Dataset extract: Begin
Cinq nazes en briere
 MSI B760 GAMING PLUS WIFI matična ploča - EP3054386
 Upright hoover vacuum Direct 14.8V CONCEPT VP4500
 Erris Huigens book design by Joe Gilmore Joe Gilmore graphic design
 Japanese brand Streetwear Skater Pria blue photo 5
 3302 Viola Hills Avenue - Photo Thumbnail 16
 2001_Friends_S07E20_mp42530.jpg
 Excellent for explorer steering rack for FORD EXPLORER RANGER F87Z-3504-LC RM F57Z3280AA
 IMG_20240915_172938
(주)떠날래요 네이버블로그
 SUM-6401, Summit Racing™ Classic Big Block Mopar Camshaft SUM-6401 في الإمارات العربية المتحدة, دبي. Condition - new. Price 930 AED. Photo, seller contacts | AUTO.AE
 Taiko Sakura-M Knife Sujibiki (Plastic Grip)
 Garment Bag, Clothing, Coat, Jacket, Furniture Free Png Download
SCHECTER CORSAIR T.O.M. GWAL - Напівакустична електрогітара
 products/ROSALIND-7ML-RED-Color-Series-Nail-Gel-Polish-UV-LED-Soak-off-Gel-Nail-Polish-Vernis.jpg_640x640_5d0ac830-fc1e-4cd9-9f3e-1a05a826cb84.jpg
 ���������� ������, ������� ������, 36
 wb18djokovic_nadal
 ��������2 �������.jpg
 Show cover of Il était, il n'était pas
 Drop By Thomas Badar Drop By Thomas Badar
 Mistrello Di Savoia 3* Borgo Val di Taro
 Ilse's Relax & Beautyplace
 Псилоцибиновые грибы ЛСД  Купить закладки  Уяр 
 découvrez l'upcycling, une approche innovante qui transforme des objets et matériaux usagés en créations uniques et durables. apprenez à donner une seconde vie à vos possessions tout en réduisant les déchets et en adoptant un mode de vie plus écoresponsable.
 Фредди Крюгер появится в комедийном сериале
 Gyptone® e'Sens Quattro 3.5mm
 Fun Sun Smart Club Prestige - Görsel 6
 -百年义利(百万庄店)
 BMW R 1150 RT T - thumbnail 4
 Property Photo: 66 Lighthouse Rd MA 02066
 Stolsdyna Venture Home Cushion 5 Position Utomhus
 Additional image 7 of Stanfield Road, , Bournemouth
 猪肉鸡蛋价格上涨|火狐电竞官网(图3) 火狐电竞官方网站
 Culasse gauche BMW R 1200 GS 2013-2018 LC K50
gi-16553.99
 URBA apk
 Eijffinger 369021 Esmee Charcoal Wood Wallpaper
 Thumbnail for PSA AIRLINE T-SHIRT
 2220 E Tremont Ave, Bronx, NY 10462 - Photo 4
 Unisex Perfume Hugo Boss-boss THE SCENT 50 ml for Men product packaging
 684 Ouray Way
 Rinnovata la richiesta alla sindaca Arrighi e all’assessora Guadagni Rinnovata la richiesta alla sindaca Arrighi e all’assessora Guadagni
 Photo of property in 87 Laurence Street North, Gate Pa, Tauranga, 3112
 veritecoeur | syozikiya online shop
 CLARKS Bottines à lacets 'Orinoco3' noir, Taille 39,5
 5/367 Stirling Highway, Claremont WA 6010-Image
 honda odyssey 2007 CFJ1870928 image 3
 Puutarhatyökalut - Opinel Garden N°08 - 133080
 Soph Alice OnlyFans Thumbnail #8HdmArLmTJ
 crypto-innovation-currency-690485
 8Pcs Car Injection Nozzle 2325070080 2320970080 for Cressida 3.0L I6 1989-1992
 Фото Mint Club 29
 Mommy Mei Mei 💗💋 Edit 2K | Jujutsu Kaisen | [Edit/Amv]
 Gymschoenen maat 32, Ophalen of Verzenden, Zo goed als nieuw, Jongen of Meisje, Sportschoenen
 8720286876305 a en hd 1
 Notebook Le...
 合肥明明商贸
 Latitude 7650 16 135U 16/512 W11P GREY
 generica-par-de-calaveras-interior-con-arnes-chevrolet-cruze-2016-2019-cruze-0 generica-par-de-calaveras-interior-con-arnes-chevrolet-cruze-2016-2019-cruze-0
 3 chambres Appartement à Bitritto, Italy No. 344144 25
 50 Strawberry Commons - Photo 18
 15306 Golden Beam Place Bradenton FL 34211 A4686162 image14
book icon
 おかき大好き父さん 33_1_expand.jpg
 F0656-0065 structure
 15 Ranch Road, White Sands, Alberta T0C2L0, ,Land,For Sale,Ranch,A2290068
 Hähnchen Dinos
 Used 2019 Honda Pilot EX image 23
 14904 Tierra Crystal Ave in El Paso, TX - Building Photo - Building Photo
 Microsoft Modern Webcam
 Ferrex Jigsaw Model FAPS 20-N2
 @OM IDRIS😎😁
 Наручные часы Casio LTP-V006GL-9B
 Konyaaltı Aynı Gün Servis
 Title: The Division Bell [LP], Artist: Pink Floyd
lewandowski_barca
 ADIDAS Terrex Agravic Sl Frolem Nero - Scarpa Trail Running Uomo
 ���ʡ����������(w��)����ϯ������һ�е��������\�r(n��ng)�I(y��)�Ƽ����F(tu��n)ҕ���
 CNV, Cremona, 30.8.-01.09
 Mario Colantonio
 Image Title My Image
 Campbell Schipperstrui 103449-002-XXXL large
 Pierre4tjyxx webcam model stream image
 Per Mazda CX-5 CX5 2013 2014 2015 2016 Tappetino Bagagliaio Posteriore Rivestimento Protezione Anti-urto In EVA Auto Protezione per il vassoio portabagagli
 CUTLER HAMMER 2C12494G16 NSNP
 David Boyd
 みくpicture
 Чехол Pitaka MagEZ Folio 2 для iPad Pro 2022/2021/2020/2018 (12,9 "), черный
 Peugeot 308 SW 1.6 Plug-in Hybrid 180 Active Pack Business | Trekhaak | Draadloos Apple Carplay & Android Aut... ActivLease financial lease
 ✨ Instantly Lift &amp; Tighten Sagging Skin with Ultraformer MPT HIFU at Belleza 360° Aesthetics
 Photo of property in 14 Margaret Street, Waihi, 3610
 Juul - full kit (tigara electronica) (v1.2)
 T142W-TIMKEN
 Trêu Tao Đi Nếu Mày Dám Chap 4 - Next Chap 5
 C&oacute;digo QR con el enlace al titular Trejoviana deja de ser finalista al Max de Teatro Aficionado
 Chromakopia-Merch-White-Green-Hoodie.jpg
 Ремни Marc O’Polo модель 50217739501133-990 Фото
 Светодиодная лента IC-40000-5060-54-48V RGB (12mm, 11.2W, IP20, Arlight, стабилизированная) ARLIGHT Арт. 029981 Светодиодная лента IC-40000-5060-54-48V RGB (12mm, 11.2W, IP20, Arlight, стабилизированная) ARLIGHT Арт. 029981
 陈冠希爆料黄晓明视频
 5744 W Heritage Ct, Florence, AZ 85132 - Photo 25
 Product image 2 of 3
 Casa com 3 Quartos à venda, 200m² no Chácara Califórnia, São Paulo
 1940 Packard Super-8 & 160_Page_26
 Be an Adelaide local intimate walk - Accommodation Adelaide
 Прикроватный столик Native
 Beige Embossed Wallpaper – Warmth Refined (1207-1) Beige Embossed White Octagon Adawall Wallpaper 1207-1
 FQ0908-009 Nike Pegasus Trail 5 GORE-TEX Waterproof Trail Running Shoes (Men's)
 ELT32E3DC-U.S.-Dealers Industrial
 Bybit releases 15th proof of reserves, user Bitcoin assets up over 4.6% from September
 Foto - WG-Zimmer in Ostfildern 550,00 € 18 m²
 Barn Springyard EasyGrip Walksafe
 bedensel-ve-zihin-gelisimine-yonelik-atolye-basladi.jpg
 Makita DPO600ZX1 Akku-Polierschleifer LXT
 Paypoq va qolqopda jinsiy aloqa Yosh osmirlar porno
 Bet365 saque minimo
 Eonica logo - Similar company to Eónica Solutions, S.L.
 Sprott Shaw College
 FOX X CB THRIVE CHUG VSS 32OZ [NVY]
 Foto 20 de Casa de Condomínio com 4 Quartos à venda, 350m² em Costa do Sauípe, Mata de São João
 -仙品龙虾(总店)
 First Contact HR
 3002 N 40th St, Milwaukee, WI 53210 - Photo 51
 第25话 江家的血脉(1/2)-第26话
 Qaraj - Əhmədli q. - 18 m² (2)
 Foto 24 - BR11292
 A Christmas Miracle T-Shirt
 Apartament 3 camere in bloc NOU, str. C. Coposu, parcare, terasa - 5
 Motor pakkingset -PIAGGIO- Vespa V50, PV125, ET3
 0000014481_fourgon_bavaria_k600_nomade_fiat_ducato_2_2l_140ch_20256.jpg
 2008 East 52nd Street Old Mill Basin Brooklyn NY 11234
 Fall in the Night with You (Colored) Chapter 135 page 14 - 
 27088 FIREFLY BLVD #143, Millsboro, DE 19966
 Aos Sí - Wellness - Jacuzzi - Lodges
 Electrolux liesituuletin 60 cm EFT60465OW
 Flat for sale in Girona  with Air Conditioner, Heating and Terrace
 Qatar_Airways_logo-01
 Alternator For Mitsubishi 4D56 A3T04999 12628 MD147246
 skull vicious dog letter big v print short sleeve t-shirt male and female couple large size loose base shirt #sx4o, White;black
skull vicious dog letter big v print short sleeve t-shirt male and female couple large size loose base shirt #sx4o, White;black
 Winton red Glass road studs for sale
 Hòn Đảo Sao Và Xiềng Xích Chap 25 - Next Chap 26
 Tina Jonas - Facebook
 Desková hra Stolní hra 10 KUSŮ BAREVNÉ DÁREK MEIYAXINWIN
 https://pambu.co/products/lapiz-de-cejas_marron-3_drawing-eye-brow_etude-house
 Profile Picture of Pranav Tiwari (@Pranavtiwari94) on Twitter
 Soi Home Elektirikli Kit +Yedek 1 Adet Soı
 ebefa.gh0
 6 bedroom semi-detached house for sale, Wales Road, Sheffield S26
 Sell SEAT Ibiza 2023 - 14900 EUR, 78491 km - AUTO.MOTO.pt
Dataset extract: End
▶ **Problem requirements**:
Repeat, character for character, the lines of the material above from the line with "684 Ouray Way" through the line with "8Pcs Car Injection".

▶ **Answer to this task**:
 684 Ouray Way
 Rinnovata la richiesta alla sindaca Arrighi e all’assessora Guadagni Rinnovata la richiesta alla sindaca Arrighi e all’assessora Guadagni
 Photo of property in 87 Laurence Street North, Gate Pa, Tauranga, 3112
 veritecoeur | syozikiya online shop
 CLARKS Bottines à lacets 'Orinoco3' noir, Taille 39,5
 5/367 Stirling Highway, Claremont WA 6010-Image
 honda odyssey 2007 CFJ1870928 image 3
 Puutarhatyökalut - Opinel Garden N°08 - 133080
 Soph Alice OnlyFans Thumbnail #8HdmArLmTJ
 crypto-innovation-currency-690485
 8Pcs Car Injection Nozzle 2325070080 2320970080 for Cressida 3.0L I6 1989-1992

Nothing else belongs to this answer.